Ong Bak (2003)
I asked Movies, Films and Flix contributor John Leavengood to write-up a review for the Ong Bak trilogy. It pretty much goes the same way as The Matrix and Pirates of the Caribbean trilogies. First one is great, Second is ok (if you fast forward through story), Third is soul crushing.
Enjoy the review and stay tuned for parts two and three in a couple of days.

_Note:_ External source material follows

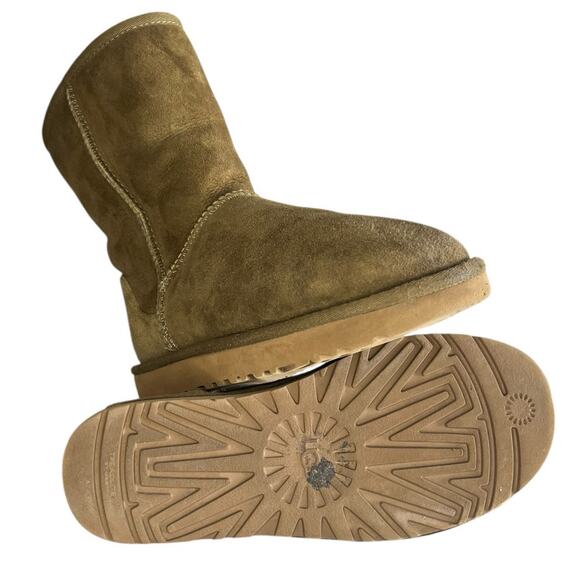***SOLD*** UGG Classic Short Suede Faux Fur Lined Winter Snow Boot Size 6 Brown - Picture 5 of 6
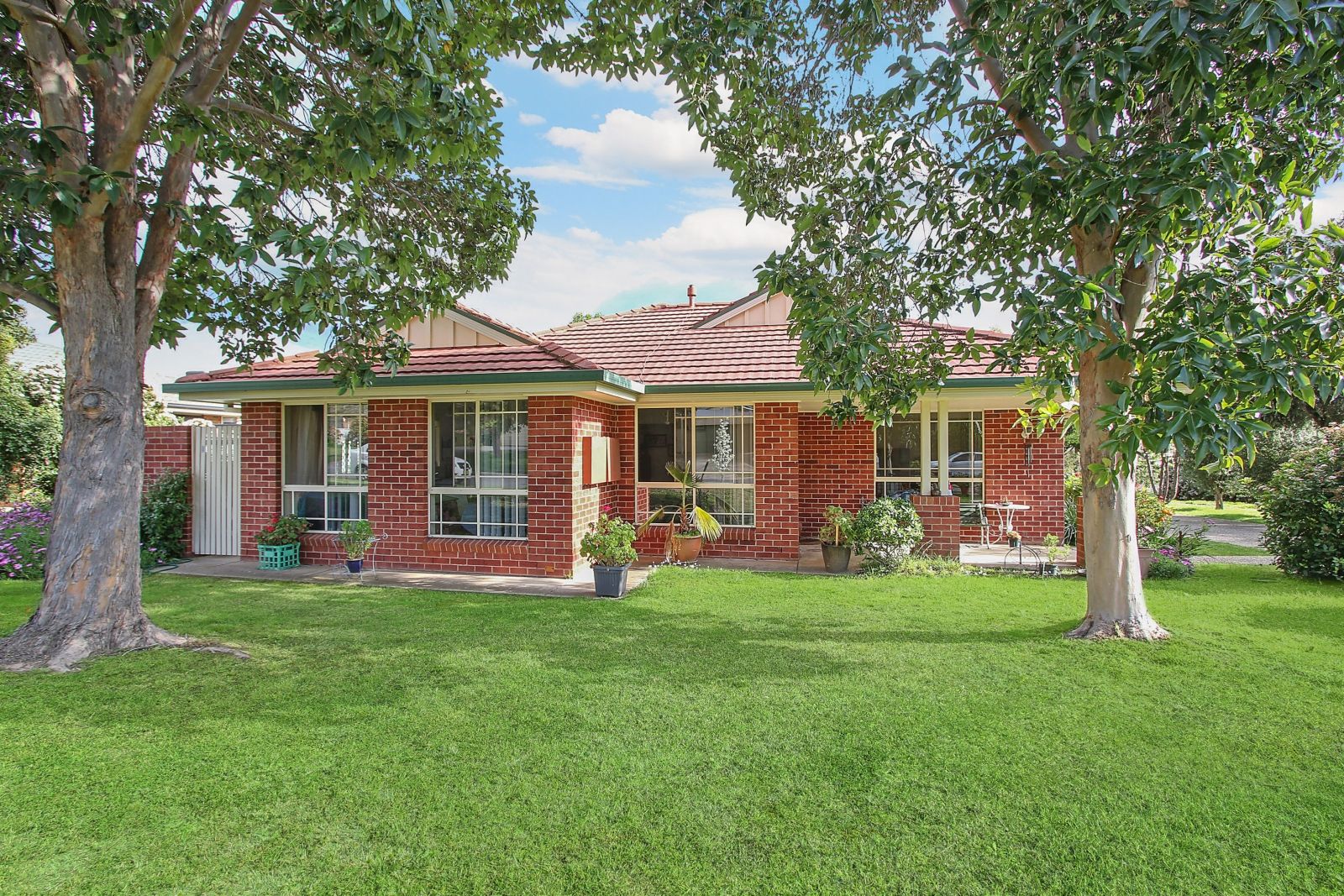 2 bedrooms Townhouse in 1/17 Harmer Street GLENROY NSW, 2640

PLEASE WATCH THE CLIP JOHN INCLUDED. CRAZY AWESOME AND FUN STUFF!
Ong-Bak (2003)
By John Leavengood
MY CALL: When a martial arts move does not deliver something totally new to your eyes, then you wasted your time and money and were a victim of an over-hyped trailer. In a world where some of us grow tired of the same old kick flicks Ong-Bak is the fleck of gold you pray to find amid weather-worn pebbles and sand in your sifting pan. See this, then see The Protector, which I think is better. [A-]
IF YOU LIKE THIS, WATCH: The Protector (2005), Chocolate (2008) (which I reviewed), District B-13
This is the movie that unleashed Tony Jaa upon the world as a star rather than a stunt man. In clothes Jaa may look like a 15-year old school boy. But he fights like a rabid Outbreak monkey and tumbles like a Soviet gymnast as he displays his utterly savage mastery of elbow blunt force trauma to the head. Jaa seems little different from his Hong Kong kung fu counterparts with a name (which is sometimes silly) for every technique. He plays a young lad named Ting, who was recently awarded some sort of village defender title as a result of covering himself with mud, racing other villagers up a tree in a capture-the-flag race, and pushing a few guys thirty feet to the ground like some teen bully who went to school with The Situation and Pauly D in Jersey.
We know we have a movie when some bad guy steals the head of Ong-Bak (a Buddha statue). Ting volunteers to recover the stolen head armed with his muay thai skills, a vial of stale herbs and a crumbled up sandwich bag of cash (which is demonstrably the combined wealth of the entire village, whose poverty was way oversold). Ting starts by locating his city-convert cousin, Humlae, who makes a living as a small-time crook. Humlae quickly steals Ting’s “save Ong-Bak” cash stash and runs off to make some bets at the local fight club. Followed by Ting, Humlae wastes no time fooling Ting into the fighting ring where apparently American Spring-breakers are making bets. By the way, this fight club is owned by our resident Ong-Bak-head-stealing bad guy, a wheelchair-bound geriatric with an electronic voicebox who smokes through a stoma hole. Classic!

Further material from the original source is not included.